Data »
———

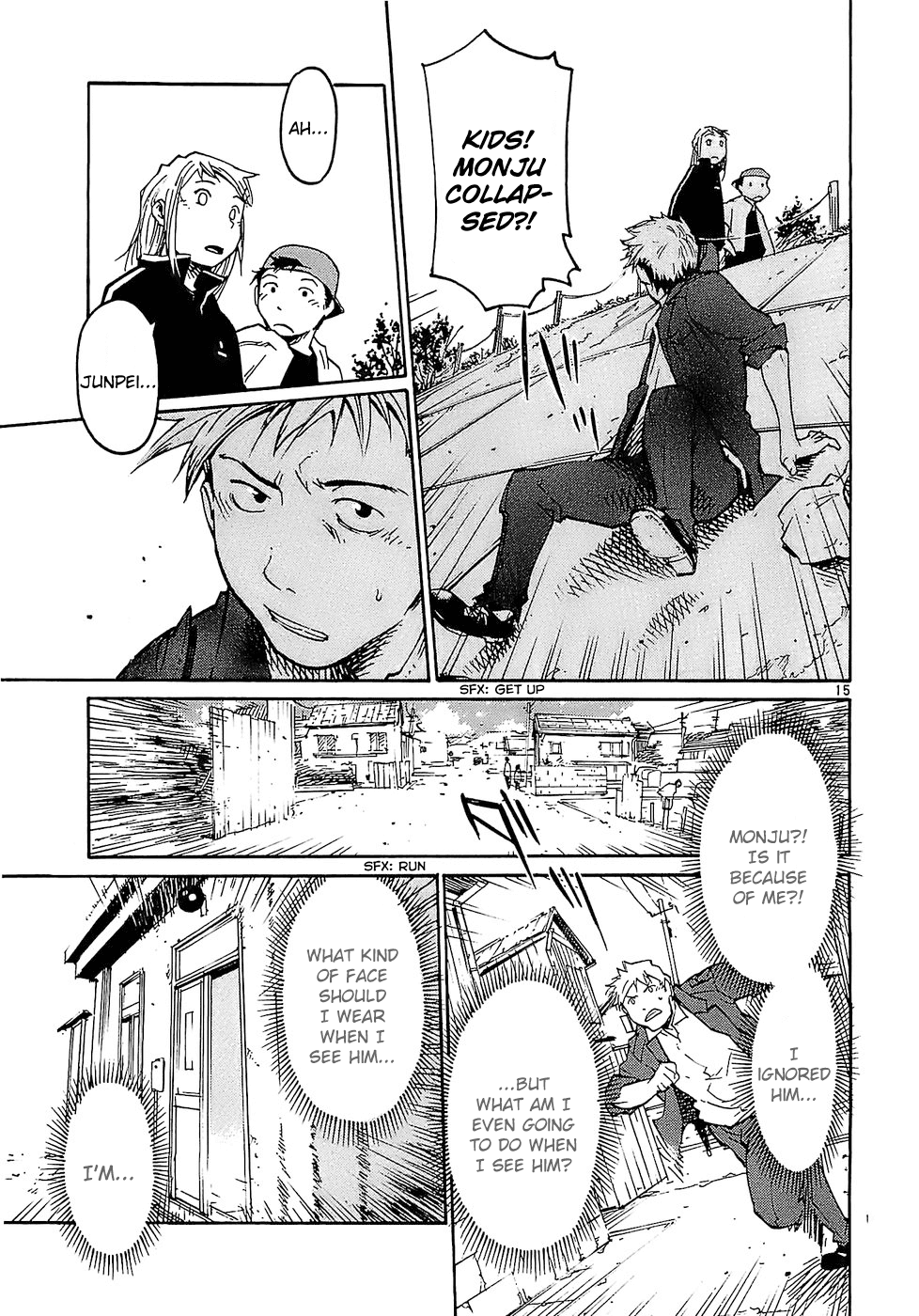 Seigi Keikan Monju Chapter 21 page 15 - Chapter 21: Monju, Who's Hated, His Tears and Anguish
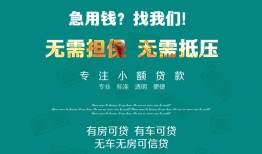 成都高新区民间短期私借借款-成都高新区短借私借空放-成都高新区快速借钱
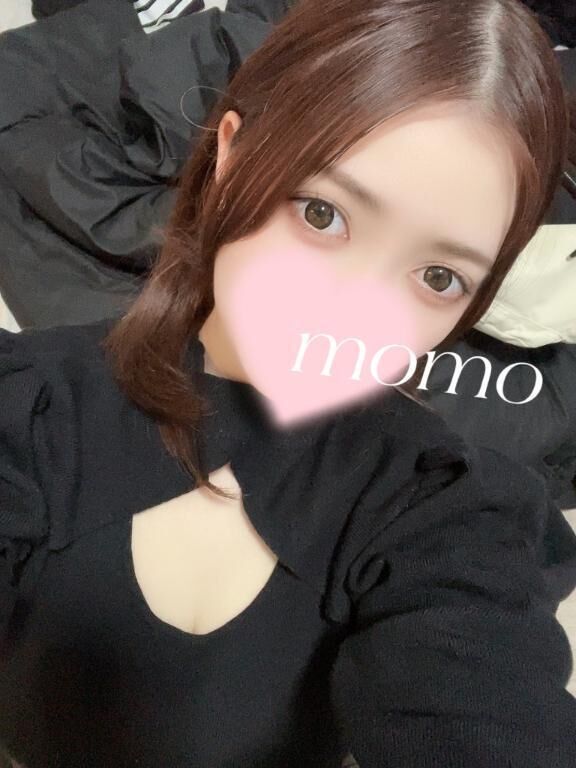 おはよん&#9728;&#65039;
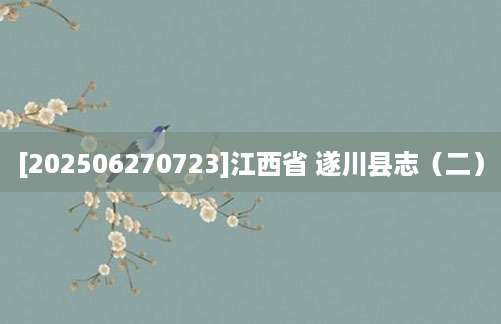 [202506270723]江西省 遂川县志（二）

———

What you are asked to do » An exact repeat of all the data is required, pictures excluded.

Final answer »
 Seigi Keikan Monju Chapter 21 page 15 - Chapter 21: Monju, Who's Hated, His Tears and Anguish
 成都高新区民间短期私借借款-成都高新区短借私借空放-成都高新区快速借钱
 おはよん&#9728;&#65039;
 [202506270723]江西省 遂川县志（二）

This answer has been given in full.